=== Data provided ===
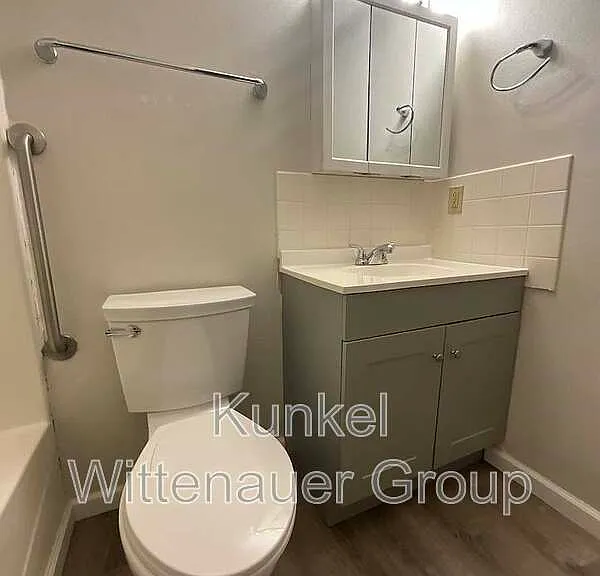 9519 W Main St — Photo 11
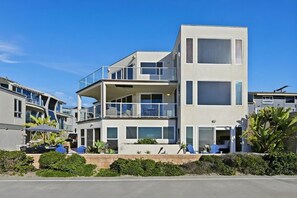 Exterior - Rockaway Oceanfront 1 |Large Patio & Walkable- 3BR (San Diego)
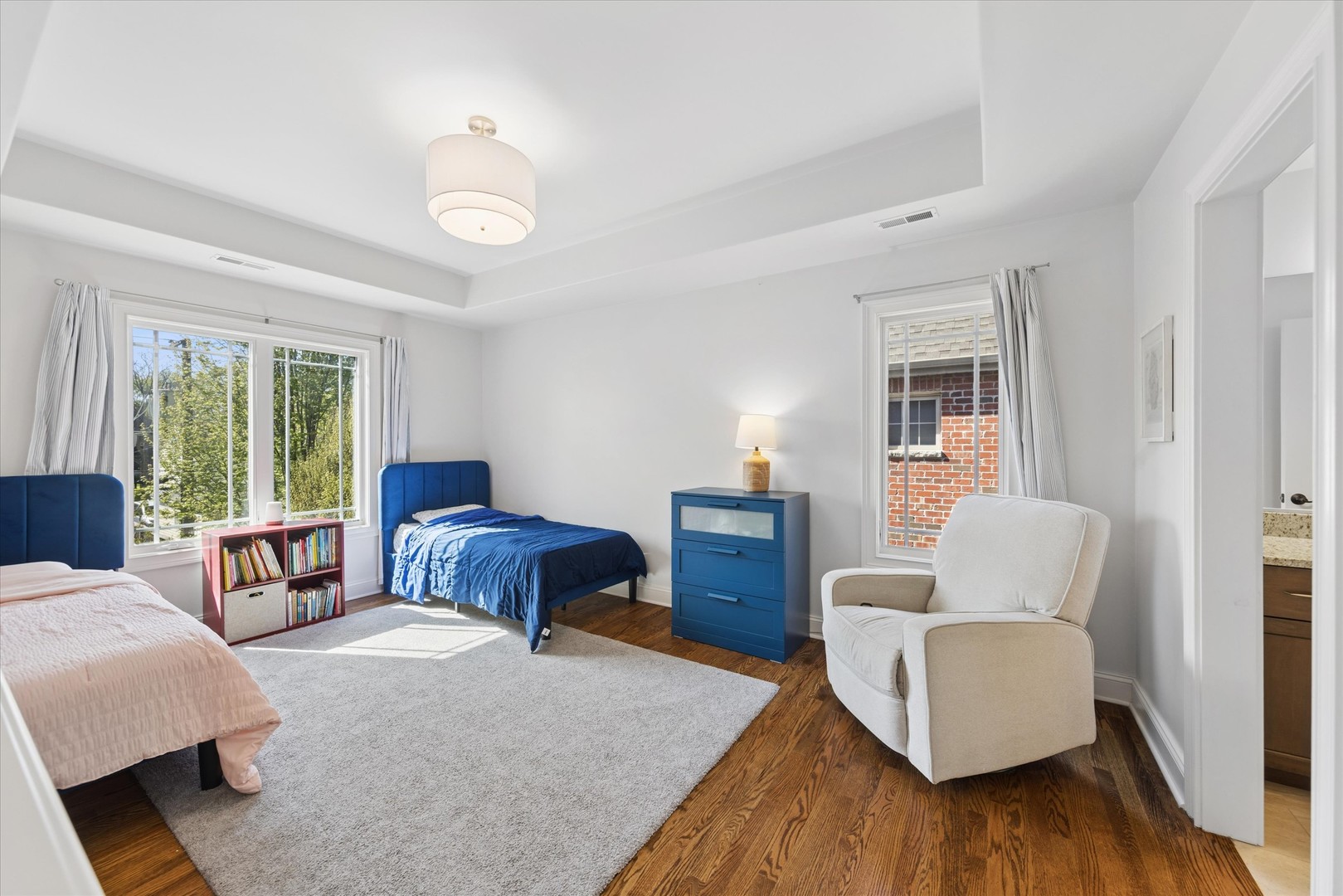 700 S Swain Avenue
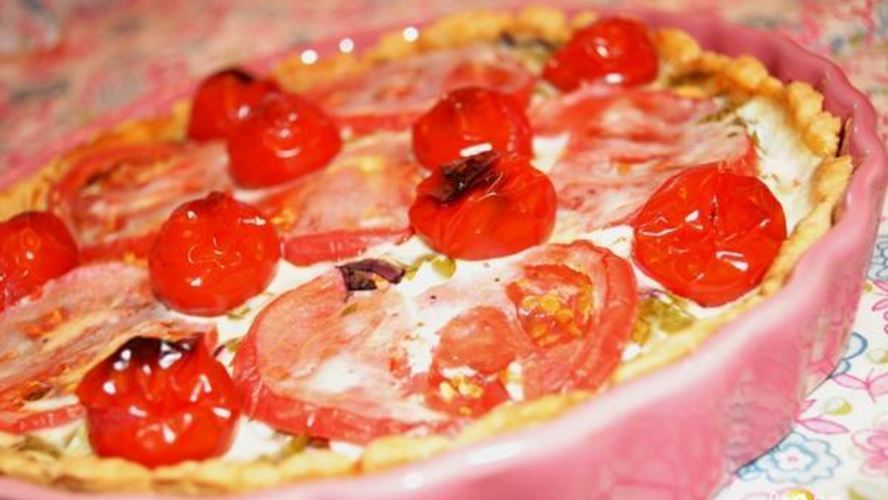 Рецепт тарта с помидорами, фетой и зеленью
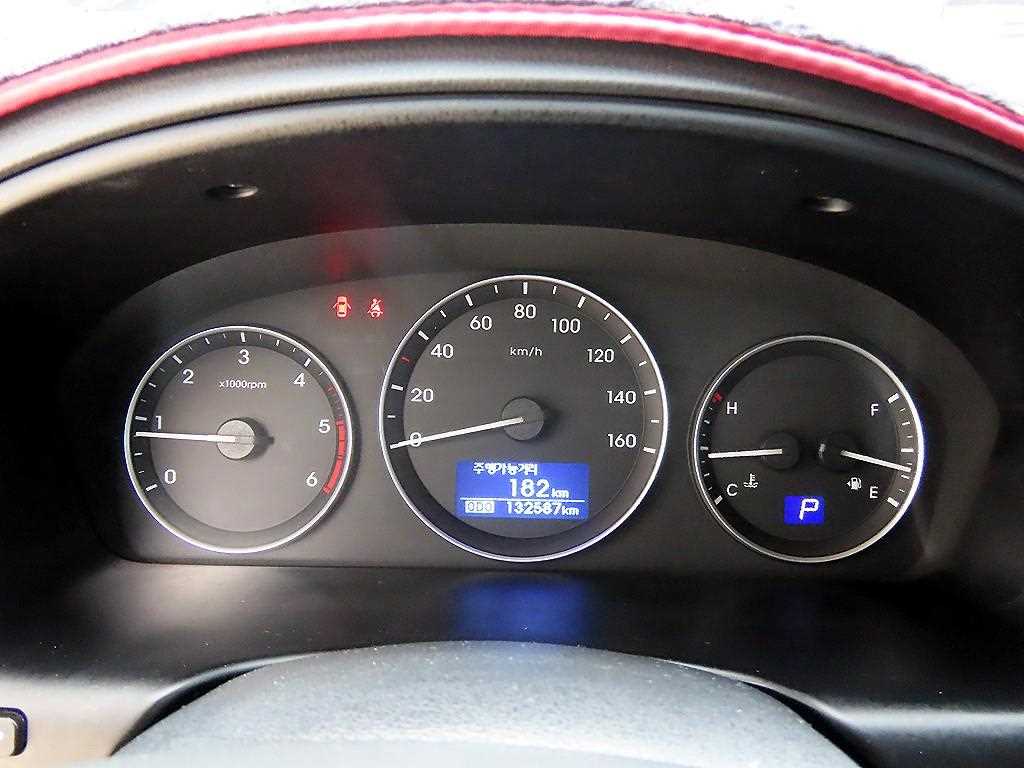 Hyundai Starex — photo 10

=== Task goal ===
Pictures excluded, print only the lines from the one with "700 S Swain Avenue" through the end of the entries above, exactly as written.

=== Answer to the exercise ===
 700 S Swain Avenue
 Рецепт тарта с помидорами, фетой и зеленью
 Hyundai Starex — photo 10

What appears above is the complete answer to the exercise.